Театр Революции, показавший премьеру чуть позже, уберегся от подобных упреков, но и похвал не стяжал: слишком уж расплывчата, непреодолимо уклончива была позиция драматурга.
К. А. Зубов отказался от публицистической подачи роли и играл интеллигента с благообразными сединами, субъективно честного и доброго. Это не помогало объяснить судьбу Сорокина до конца. Представительный герой становился жертвой то ли своего прошлого, то ли нынешней барственности, то ли дурных подчиненных. Актер достаточно тонко вникал в индивидуальную психологию персонажа, но общий смысл драмы Сорокина был запутан взаимоисключающими мотивами. «Так и остается невыясненным, что именно пытались сказать автор и театр», — писал рецензент3. Другой считал, что театр теряет темпы4. Правда, имелось в виду лишь то обстоятельство, что спектакль не прямо относился к индустриальной тематике; но темпы творческого роста действительно замедлились.
Это стало еще видней после премьеры «Двенадцатого С 261» (апрель 1931 года), хотя Б. П. Барков в своей пьесе как раз и пытался отразить темпы индустриализации, рост {193} социалистического соревнования. Коллектив паровозостроительного завода решал перевыполнить производственную программу и дать сверх плана два паровоза С 261. Рабочие добивались этого, как отметил рецензент спектакля, «одним мускульным напряжением труда». Внутренние мотивы энтузиазма не были объяснены — ни в борьбе за темпы, ни в схватке с рвачами и хулиганами. Идя за драматургом, постановщик К. А. Зубов не проник в суть жизненных процессов. Критика расценила «Двенадцатый» как «бытовой спектакль» и, сравнивая его с «Выстрелом» в ТИМе, признала, что «второй “выстрел” сделан вхолостую»5. От «Темпа» Погодина у вахтанговцев спектакль отстоял еще дальше.

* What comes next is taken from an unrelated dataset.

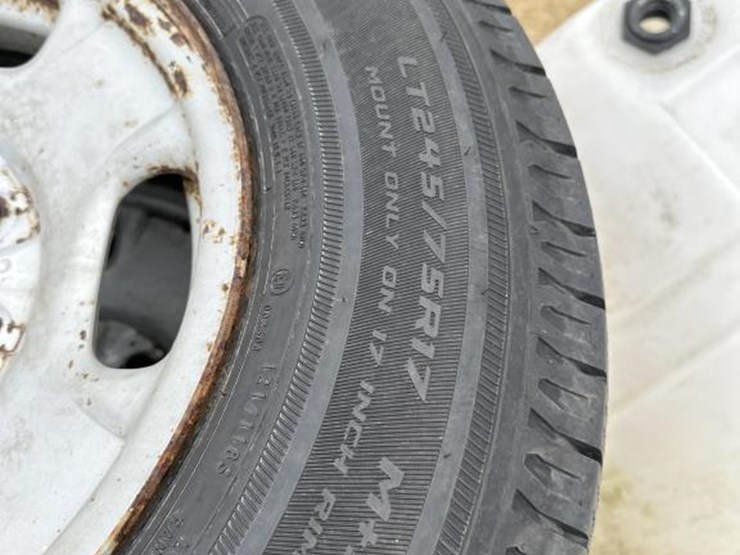 #29-•-(4)-f250-8-lug-rims-lt245/75r17-image-5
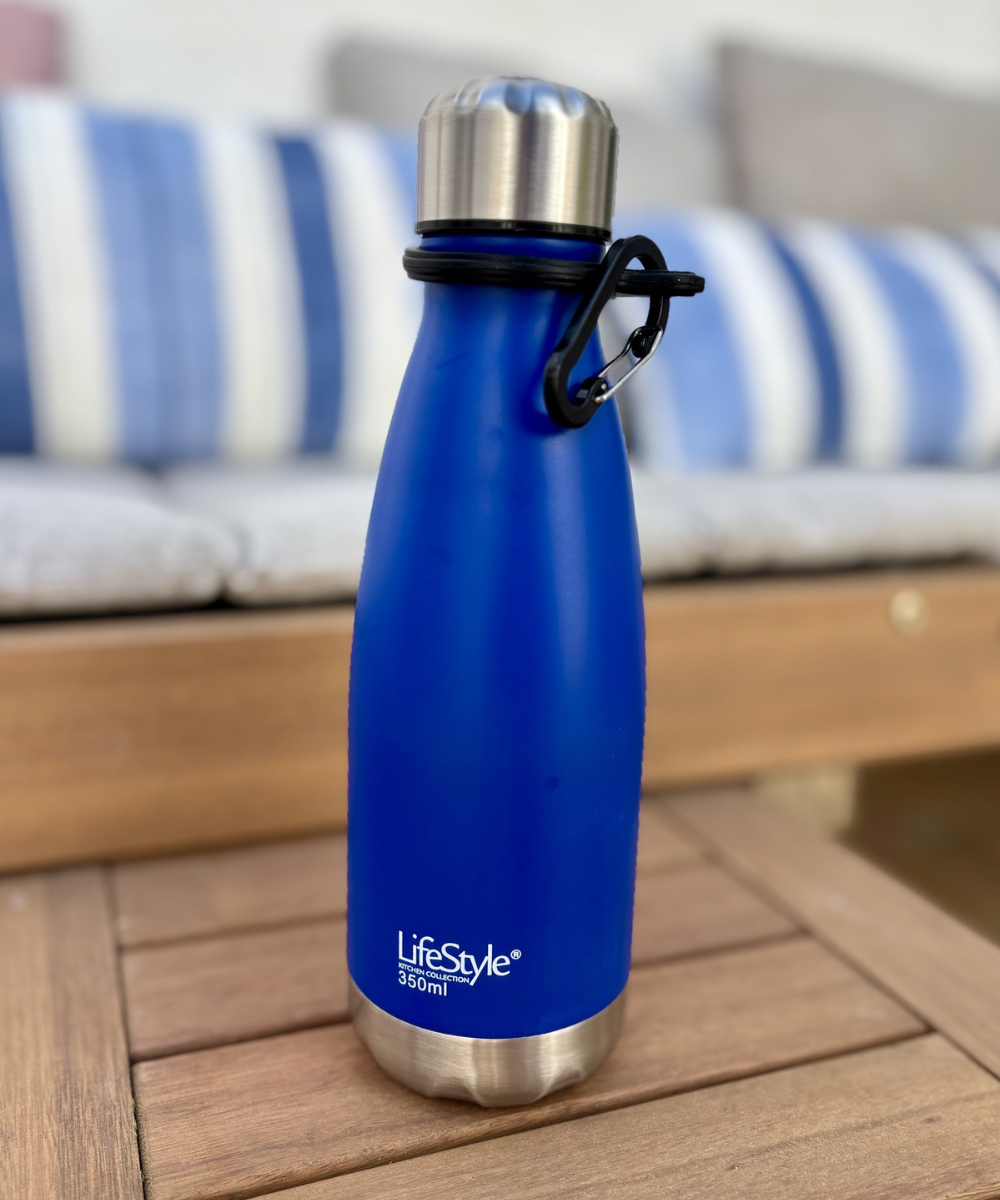 Botella térmica azul de acero inoxidable 350 ml compacta y práctica para llevar agua o bebidas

Чисто тематически заинтересовала театр и пьеса Завалишина «Строй-фронт», поставленная и оформленная И. Ю. Шлепяновым (премьера — 29 апреля 1931 года). Спектакль-схема явился неудачей театра и режиссера-новичка. Последним, уже решительно запоздалым вздохом этого репертуарного поветрия была иллюстративная агитпьеса Глебова «Утро», поставленная без всякого успеха Терешковичем в 1932 году — в том самом году, когда возвестили «конец “Ингам”», то есть серийному производству производственных пьес. Спектакль казался седым анахронизмом для Театра Революции. К тому времени драматургия Погодина и режиссура Попова уже решительно определили поворот к новому.

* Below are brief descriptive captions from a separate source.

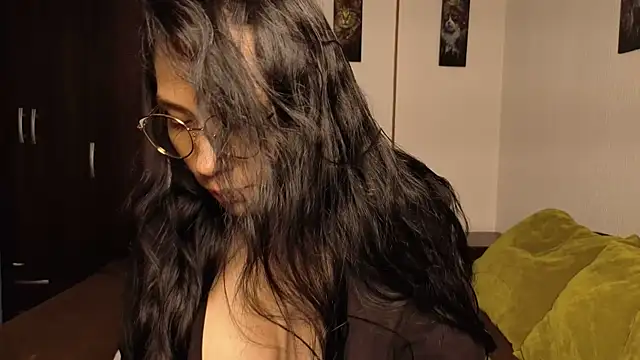 Snapshot of Angela_isabella chatting on February 4, 2026, 11:31 pm Angela isabella online show from February 4, 2026, 11:31 pm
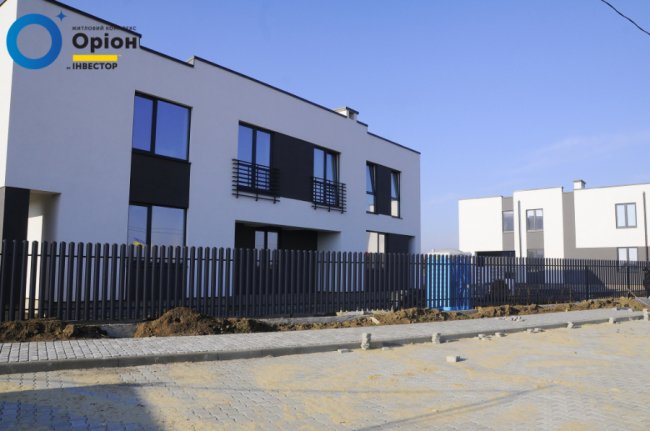 У ЖК «Оріон» монтують «теплу» підлогу. ФОТО*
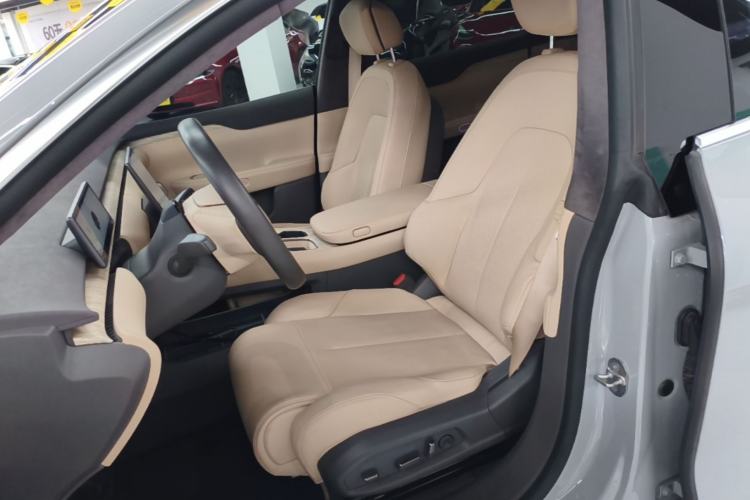 Used Nio ET7 2022 75 kWh Left Front Seat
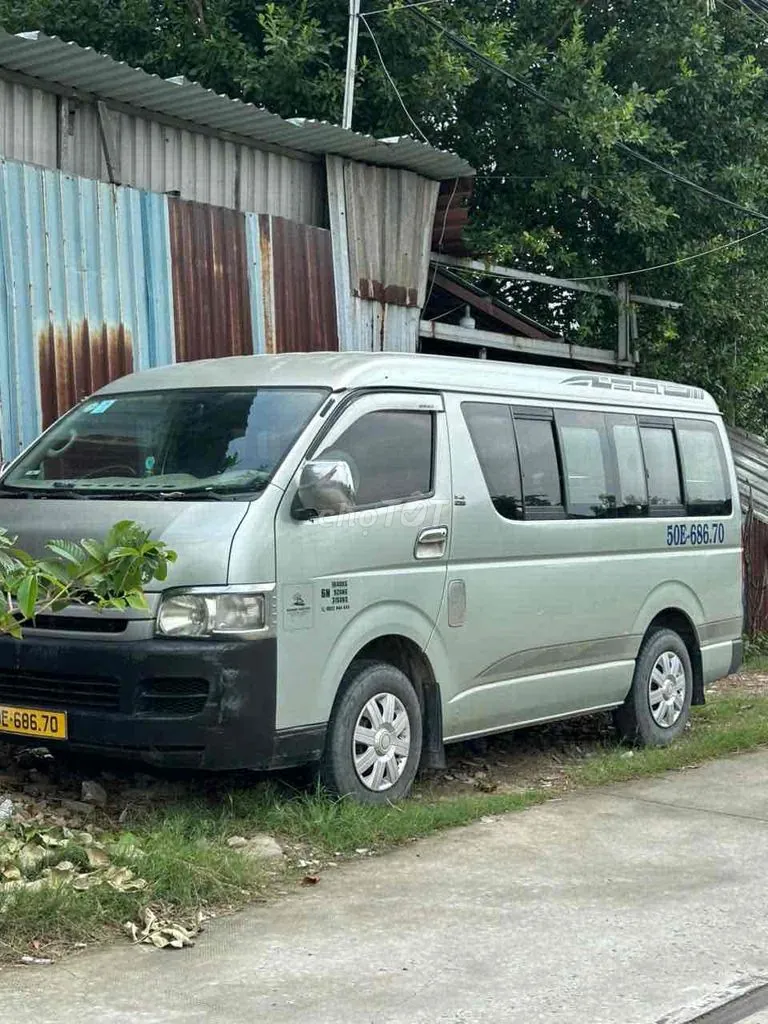 Toyota Hiace 2009 photo 2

Вышло так, что драматургия Глебова положила начало «индустриальному» репертуару Театра Революции, а потом и завершила его. В промежуточный период этот репертуар ширился за счет тематики и конкретного жизненного материала, но только подготавливал будущие смелые находки искусства. На учете и преодолении опыта «индустриальных» спектаклей выросла «Поэма о топоре». Сами же они поэмами не стали, разве что не лишены были в той или иной мере топорности, подчас выводившей их за грань историко-эстетического анализа.
Крупным событием конца 1920 х годов был «Человек с портфелем», показанный в промежутке между «Ростом» и «Ингой», но он стоял особняком.